Gorąco wokół rosyjskich dyplomatów w krajach bałtyckich. Stanowcze decyzje Rygi i Tallina

Mateusz Przyborowski
05 kwietnia 2022, 19:35 • 1 minuta czytania
Podjęliśmy decyzję o zamknięciu konsulatów generalnych Rosji w Dyneburgu i Lipawie. Personel dyplomatyczny tych placówek został uznany za osoby niepożądane – poinformowało we wtorek na Twitterze Ministerstwo Spraw Zagranicznych Łotwy. Na podobny krok zdecydowała się Estonia, a wcześniej m.in. Szwecja, Dania i Włochy.
Ambasada Rosji w Rydze Fot. Marcelino Ramírez / agefotostock /East News

Obserwuj naTemat w Wiadomościach Google


Kolejne kraje podjęły stanowcze kroki wobec rosyjskich dyplomatów. "Podjęliśmy decyzję o zamknięciu konsulatów generalnych Rosji w Dyneburgu i Lipawie. Personel dyplomatyczny tych placówek został uznany za osoby niepożądane na Łotwie" – poinformowało we wtorek na Twitterze Ministerstwo Spraw Zagranicznych w Rydze.

Konsekwencja bestialstwa w Buczy pod Kijowem

W komunikacie przekazano również, że decyzję podjęto "w geście solidarności z Ukrainą i jej walką w wojnie wywołanej przez niesprowokowaną i nieusprawiedliwioną agresję Rosji". Jak dodano, rosyjscy dyplomaci z konsulatów w Dyneburgu i Lipawie będą musieli opuścić Łotwę do końca kwietnia.

"Społeczność międzynarodowa otrzymała obszerne doniesienia o morderstwach, okrucieństwach i zbrodniach wojennych popełnionych przez siły rosyjskie" – podkreślono w komunikacie MSZ Łotwy.

Czytaj także: Rosja wyrzuciła dyplomatów państw bałtyckich. Wcześniej było wezwanie na dywanik

Na podobny krok zdecydowała się również Estonia. Zamknięty został rosyjski konsulat i wydział konsularny ambasady Rosji.

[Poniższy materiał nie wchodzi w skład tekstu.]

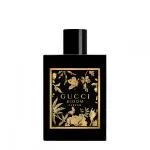 Bloom perfume para mujer 100 ml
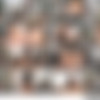 [BangCasting.com / BangBros.com] Selena Santana (Sexy Selina! / hih14591 / 04-09-2015) [2015 ., Big Ass, Big Dick, Blowjob, Deep Throat, Facial, Latina, Gonzo, Hardcore, All Sex, HDRip, 1080p] thumb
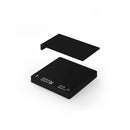 MHW-3BOMBER Digital Kitchen Coffee Scale – High Precision Smart Espresso Scale for Home Baristas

Ponadto estońskie Ministerstwo Spraw Zagranicznych zapowiedziało we wtorek, że wyrzuconych zostanie 14 rosyjskich pracowników konsularnych.

"Tallin wezwał ambasadora Rosji w Estonii Władimira Lipajewa, by przekazać mu notę o zamknięciu konsulatu generalnego Rosji w Narwie i wydziału konsularnego ambasady Rosji w Tartu" – poinformowała agencja BNS.

Również władze Hiszpanii ogłosiły we wtorek, że wyrzucają około 25 rosyjskich dyplomatów i osób zatrudnionych w ambasadzie Rosji w Madrycie – poinformował na konferencji prasowej szef MSZ Jose Manuel Albares. Jak dodał hiszpański polityk, chodzi o "zagrożenie dla bezpieczeństwa państwa".

Europa wyrzuca rosyjskich dyplomatów

Rosyjscy dyplomaci są wyrzucani z Europy lawinowo. W poniedziałek Litwa wydaliła z kraju rosyjskiego ambasadora i odwołała swojego przedstawiciela dyplomatycznego w Moskwie.

"Ranga stosunków dyplomatycznych z Rosją zostaje obniżona w odpowiedzi na agresję militarną Rosji przeciwko suwerennej Ukrainie oraz okrucieństwa popełniane przez rosyjskie siły zbrojne – przekazał w czasie konferencji prasowej szef MSZ Litwy Gabrielius Landsbergis, cytowany przez Interię.

Czytaj także: Stanowcza reakcja Scholza po masakrze w Buczy. Grupa rosyjskich "dyplomatów" na wylocie

Jak już informowaliśmy w naTemat, na kroki dyplomatyczne zdecydowały się w poniedziałek również rządy Niemiec i Francji. Przypomnijmy, Francuzi wyrzucili aż 35 rosyjskich dyplomatów. Ministerstwo spraw zagranicznych przekazało w oświadczeniu, że ich działalność jest "sprzeczna z naszymi interesami bezpieczeństwa".

Niemiecki rząd postanowił wyrzucić z kraju 40 rosyjskich dyplomatów, którzy wzbudzali podejrzenia o działalność szpiegowską. Przedstawiciele putinowskiego reżimu dostali pięć dni na ostateczną wyprowadzkę z RFN.

Straty rosyjskiej "dyplomacji" w Europie wynoszą na ten moment 340 osób.